Nice. But how do I know when I’m successfully extending, versus simply pushing, or trying to bulldoze my way through a technique?

Sensei and my sempai remind me that one litmus test for this is muscle contraction. As Nage, pushing with my muscles at any point during a technique naturally and automatically activates muscles in Uke. So if I, as Nage, feel Uke pushing against any part of my technique, I can be sure that I am trying to muscle my way through the technique somewhere.

When I feel myself trying to push through a technique with muscle, I am guided to stop, recenter, and try again. Correct my posture, correct my movement, correct my very perception to the extent that I am able, and try again.

For me, as a 4th kyu student, the difference between successfully extending during a throw (for example, ude oroshi, or arm drop throw) can be very subtle and difficult for me to discern. Add in my habit of going slack when confronting resistance (going slack in order to avoid conflict), and things become even more confusing. “Was I meeting resistance with ki extension, or was I trying to push through with my muscles?”

I have spent much of my time furrowing my brow, trying to “get” a technique with my intellect BEFORE trusting myself to move smoothly. And I have spent way too much time silently chastising myself, berating myself, and punishing myself for not understanding aikido more quickly. I am beginning to realize that my self-flagellation practice might be completely counter to the spirit of O-Sensei’s teaching.

Mark Sensei and my gracious sempai also remind me to practice with confidence; to trust that ultimately, aikido is not an intellectual pursuit. So trying to “think” my way through a technique may be helpful in the beginning, when I’m learning where to put my hands and feet… but after those pieces are in place, it’s appropriate to move with confidence and let the mind “drop.”

Very recently, while practicing shomen-uchi kote-gaeshi with two of my sempai, I decided to truly extend ki toward Uke’s center line (as best I know how), and to move in a spirit of freedom, confidence, and joy, even though I did not feel comfortable with this technique, which I only remembered seeing a couple of times before.

After a couple false starts, trying to “do” this aikido with my brain, I finally set it aside and gave myself full permission to make mistakes, receive correction, and screw things up. I put my mind forward, right on… no; right THROUGH Uke’s center line. And as she attacked, I simply moved in a way that felt correct. Extension. After the throw, both of my sempai looked at me with expressions of surprise and joy, congratulating me on doing the technique well (for the beginner that I am).

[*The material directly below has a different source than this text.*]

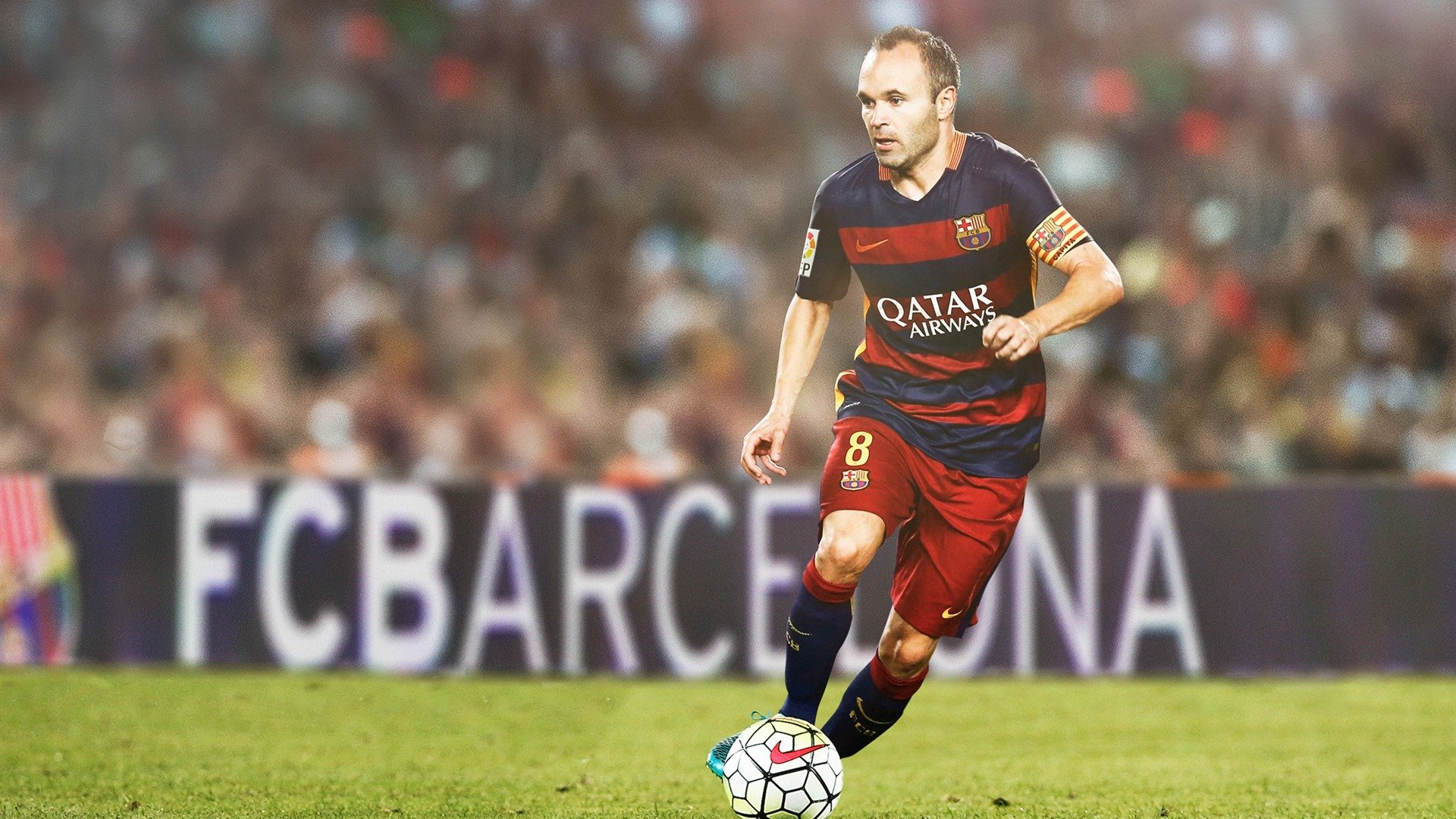 冰面救援演练赛 在安全区域进行穿冰自救模拟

One could argue that these first two years of aikido for me has been almost all mistakes, as a direct result of misperception; for example, my (very real) lack of understanding of how to stand balanced with equal pressure distributed between my two feet and the floor. In the past I would have considered that to mean “failure,” deserving punishment.

(Sort of like punishing a 3rd-grader for not yet knowing advanced Calculus, as I think about it. Not very reasonable.)

But now I’m beginning to see that my aikido journey has been and continues to take me toward a more correct perception of myself, others, and the world. Much like traveling along an upward spiral, I encounter new lessons, I continue forward, I circle around and encounter lessons I’ve previously seen earlier on the path, but I see them from a new perspective, with new skills available.

I like to think that correct perception includes infinite space for love, friendship, forgiveness of self and others, curiosity, and most of all, joy. No punishment of self or others is required, for on this path, where the only thing sacrificed is false or incorrect perception, there can be no loss of anything real, or of value. Only loss of the delusion I’ve been mistakenly accepting as true.

Which for me begs the question, in the lifelong pursuit of correcting misperception, is there ever any need or reason for feelings of sadness or regret?

And how deeply can I focus on bringing my heartfelt joy onto the mat as I continue to learn, with compassion for myself for the mistakes I’ve made, and compassion for others as we all move along our shared path as humans?